We bought 7 tiny hamsters, a 10-gallon aquarium with a wire-mesh retro-fit lid, a Hartz hamster playyard, a 3-story gleaming, translucent habitrail kind of thing, a roll-around-the-house-encased-in-a-plastic-ball thing, a bag of hamster food, and a partial bag of pine shavings for that price. Noah paid the lady, and we took home our new enterprise. We combined them all in the aquarium and gave the plastic cages a good washing (she was a smoker). We will combine all seven hamsters into the 3-story unit, use the Hartz cage for quail, and use the aquarium as a quail-baby-brooder box.

We put 18 quail eggs into the incubator last night. In 17 to 18 days, we should have quail babies that are the size of "popcorn with legs"!! We are very excited about this, and the kids can't wait.

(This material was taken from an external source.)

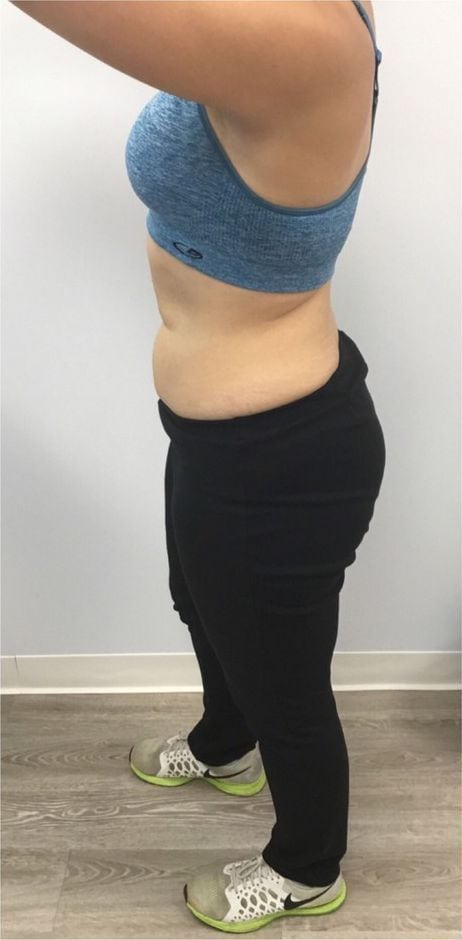 Before: Body contouring, abdomen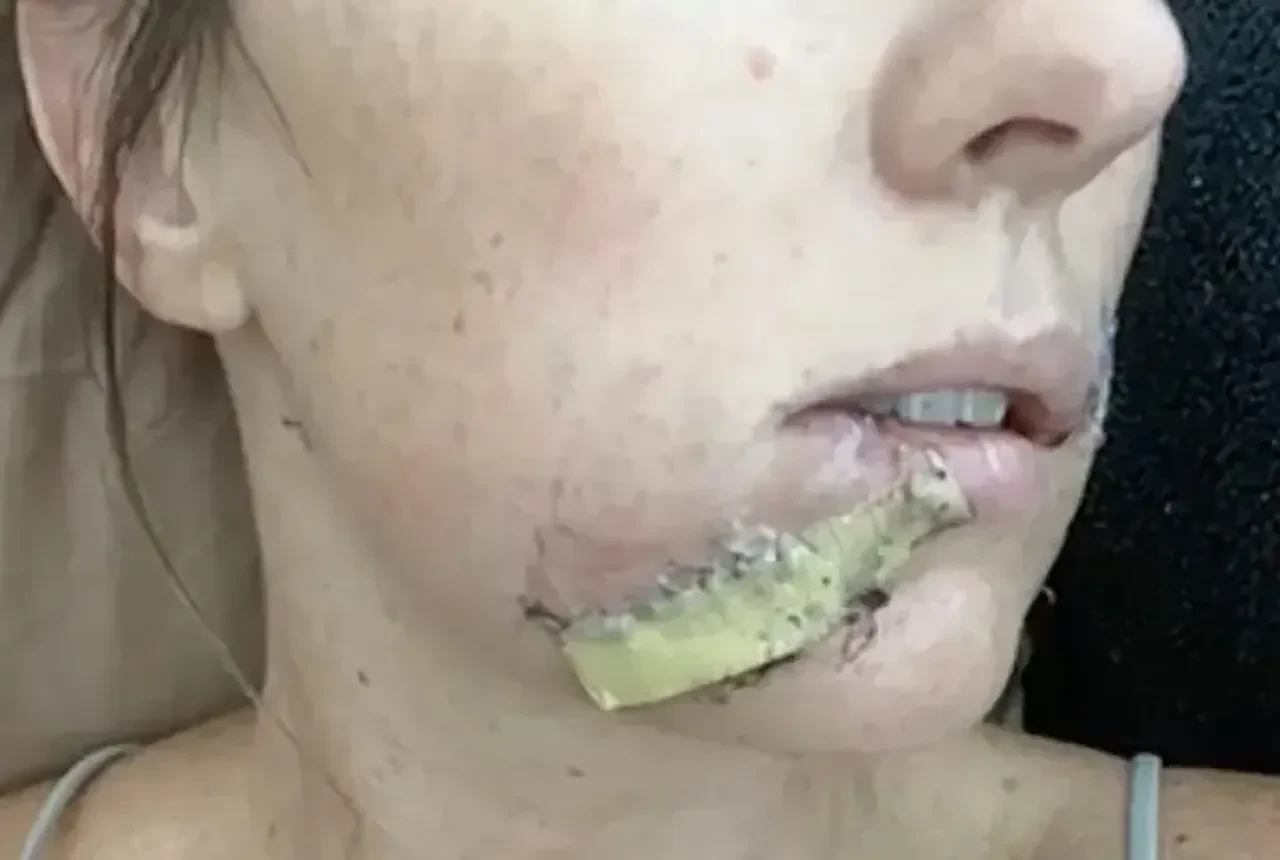 Anne, 4 yaşındaki kızını kurtarmak için kır kurduyla boğuştu! Neler yaşadığını bir bir anlattı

So, the menagerie continues to grow in scope and quantity. I've sold 17 of the 104 chicks I ordered from the hatchery. I've run the ad again in the Mule Trader, and also in the Bulletin Board (www.bulletinboard.com) out of Montgomery. We'll see how they do.

We are having fun and learning SO much about creatures and ourselves!

1 comment:

Theresa said...

I keep reading about all the chickens and wonder what you are going to do with them all? will you be eating them eventually? and have you or Monty ever killed one? I have a friend from Kenya who can show you how... eeeek!